As a semi-submersible, the Uncle John was one of only a handful of vessels available on
the worldwide market which could conduct operations in such close proximity to the spar.
One unique feature demonstrated in Q3 was the ability of the Uncle John to simply detach
and move away during rough weather, at times riding through 35 to 45 foot waves. Customer
expectations were far exceeded as the vessel proved to be an outstanding
"Flotel" for deepwater development.
- Osiris: Elf Aquitaine awarded CDI a project to lay 20,000 feet of 8 inch pipe and
a control umbilical from a platform to a subsea tree in Viosca Knoll 944 on the edge of
the Outer Continental Shelf (OCS). Cal Dive subcontracted the Gulf Horizon to lay the pipe
and perform the "J" tube pull. Cal Dive vessels Balmoral Sea and Merlin handled
the tie-in of the 8 inch line and umbilical at the subsea tree and seven pipeline
crossings using a combination of saturation diving and robotic support. The low cost basis
of our DP fleet enables the vessels to "backup" and work effectively on the
"Shelf".
- Terra Nova: On August 29, the Terra Nova Alliance decided to suspend 1998
operations citing two hurricanes coming up the North Atlantic coast and concerns about the
lack of progress in the dredging of "Glory Holes". As a result, CDI basically
broke even on third quarter activity. To improve performance next year, Cal Dive has
offered to implement portions of the Sea Sorceress conversion program which will improve
the vessel's station keeping ability and to deploy one of our DP vessels to Canada. With
the Sea Sorceress becoming available, the vessel was engaged in October to salvage the
wreckage of Swissair Flight 111. About 90% of the plane remained to be recovered and the
pending onset of winter weather added a note of urgency to complete salvage operations
before the plane debris was permanently scattered.
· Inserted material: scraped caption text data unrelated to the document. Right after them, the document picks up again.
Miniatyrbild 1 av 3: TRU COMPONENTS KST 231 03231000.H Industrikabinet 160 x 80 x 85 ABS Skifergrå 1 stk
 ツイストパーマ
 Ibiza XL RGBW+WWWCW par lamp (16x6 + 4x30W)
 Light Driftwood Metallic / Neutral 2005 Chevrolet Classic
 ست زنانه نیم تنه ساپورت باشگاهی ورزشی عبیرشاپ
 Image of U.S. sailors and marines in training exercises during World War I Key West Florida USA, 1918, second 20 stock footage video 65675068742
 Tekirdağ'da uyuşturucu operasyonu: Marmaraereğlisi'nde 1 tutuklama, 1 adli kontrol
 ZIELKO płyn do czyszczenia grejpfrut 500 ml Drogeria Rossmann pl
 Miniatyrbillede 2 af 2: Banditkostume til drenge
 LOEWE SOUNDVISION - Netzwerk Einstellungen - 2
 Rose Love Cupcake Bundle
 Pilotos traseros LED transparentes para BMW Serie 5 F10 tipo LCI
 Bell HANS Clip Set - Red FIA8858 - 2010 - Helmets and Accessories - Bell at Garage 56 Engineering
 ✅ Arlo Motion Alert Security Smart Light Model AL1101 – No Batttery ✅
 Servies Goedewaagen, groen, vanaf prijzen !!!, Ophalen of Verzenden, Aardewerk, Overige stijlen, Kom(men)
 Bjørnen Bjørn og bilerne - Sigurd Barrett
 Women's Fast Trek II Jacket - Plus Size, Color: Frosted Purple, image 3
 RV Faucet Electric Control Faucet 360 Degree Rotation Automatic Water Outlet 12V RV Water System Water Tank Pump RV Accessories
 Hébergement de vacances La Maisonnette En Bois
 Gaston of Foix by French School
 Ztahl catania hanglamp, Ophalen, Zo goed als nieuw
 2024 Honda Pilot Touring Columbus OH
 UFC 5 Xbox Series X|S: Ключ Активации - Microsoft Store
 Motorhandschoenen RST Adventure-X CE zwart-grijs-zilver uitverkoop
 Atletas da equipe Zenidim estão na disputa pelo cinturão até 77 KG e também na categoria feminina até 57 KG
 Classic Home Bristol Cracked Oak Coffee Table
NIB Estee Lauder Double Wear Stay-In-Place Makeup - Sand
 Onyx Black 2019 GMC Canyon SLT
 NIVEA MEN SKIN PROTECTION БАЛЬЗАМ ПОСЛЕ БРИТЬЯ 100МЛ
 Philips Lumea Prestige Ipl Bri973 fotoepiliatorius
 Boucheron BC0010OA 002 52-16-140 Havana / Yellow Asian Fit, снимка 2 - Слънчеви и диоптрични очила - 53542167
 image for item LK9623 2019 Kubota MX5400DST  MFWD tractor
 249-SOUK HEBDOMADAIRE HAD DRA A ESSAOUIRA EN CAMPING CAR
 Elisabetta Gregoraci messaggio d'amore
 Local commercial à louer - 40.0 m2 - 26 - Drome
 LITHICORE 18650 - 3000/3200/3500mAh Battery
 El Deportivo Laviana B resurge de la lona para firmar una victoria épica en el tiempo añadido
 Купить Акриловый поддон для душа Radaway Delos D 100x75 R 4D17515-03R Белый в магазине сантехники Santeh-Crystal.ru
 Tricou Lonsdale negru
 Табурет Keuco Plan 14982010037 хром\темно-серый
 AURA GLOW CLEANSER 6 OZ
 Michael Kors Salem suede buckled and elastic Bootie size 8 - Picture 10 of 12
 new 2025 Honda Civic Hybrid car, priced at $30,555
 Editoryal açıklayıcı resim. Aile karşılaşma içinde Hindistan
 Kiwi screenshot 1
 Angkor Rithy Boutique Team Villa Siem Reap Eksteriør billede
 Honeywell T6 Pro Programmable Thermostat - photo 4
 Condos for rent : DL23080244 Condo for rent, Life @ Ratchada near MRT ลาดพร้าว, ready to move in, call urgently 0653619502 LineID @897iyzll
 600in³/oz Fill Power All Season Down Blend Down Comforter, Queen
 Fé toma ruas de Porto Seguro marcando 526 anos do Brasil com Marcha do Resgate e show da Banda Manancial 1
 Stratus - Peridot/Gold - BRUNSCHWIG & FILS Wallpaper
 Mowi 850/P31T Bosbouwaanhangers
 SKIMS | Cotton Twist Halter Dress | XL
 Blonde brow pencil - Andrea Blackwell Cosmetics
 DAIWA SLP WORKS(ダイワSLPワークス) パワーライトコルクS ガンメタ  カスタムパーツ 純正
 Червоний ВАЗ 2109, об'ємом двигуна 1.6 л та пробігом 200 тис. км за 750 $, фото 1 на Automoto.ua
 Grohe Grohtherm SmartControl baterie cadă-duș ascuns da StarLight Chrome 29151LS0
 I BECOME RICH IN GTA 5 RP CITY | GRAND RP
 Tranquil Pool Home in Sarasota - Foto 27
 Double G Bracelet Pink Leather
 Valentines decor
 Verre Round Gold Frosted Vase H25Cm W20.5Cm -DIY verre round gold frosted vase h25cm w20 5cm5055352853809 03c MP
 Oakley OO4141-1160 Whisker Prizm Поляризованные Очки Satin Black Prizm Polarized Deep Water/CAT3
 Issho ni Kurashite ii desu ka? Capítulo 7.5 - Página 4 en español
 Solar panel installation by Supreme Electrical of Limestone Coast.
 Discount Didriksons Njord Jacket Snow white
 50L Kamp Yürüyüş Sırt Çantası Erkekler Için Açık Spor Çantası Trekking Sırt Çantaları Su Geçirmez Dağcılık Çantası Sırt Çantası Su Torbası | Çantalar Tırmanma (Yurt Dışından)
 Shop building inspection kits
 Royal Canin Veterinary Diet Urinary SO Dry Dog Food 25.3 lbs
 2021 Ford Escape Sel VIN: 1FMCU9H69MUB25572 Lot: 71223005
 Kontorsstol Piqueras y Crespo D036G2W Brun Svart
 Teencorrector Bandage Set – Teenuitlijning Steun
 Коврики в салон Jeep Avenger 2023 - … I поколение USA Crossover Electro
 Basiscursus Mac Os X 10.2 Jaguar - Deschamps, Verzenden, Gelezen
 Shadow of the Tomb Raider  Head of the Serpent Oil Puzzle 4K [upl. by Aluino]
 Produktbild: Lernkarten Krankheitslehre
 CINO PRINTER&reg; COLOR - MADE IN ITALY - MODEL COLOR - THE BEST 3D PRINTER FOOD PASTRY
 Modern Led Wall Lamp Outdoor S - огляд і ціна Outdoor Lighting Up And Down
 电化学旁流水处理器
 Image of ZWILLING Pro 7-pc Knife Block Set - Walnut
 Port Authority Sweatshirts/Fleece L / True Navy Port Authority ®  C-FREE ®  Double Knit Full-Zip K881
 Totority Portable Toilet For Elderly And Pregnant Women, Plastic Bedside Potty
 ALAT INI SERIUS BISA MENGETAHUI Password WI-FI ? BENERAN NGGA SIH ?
- Salvage Operations: Operations of our most weather susceptible vessel, the Cal
Dive Barge I, were curtailed while still incurring fixed third party costs for chartered
tugs and material barges. In addition, several key Energy Resource Technology wells
remained offline as workover operations were delayed first by a lack of available
equipment and then by weather. As a result, combined gross profit of the two salvage
activities was only 14% in Q3. On a positive note, we can confirm that the credit spigot
that has funded the many small companies acquiring mature properties has been shut off;
i.e., in the last 30 days a flood of buying opportunities have been presented to ERT.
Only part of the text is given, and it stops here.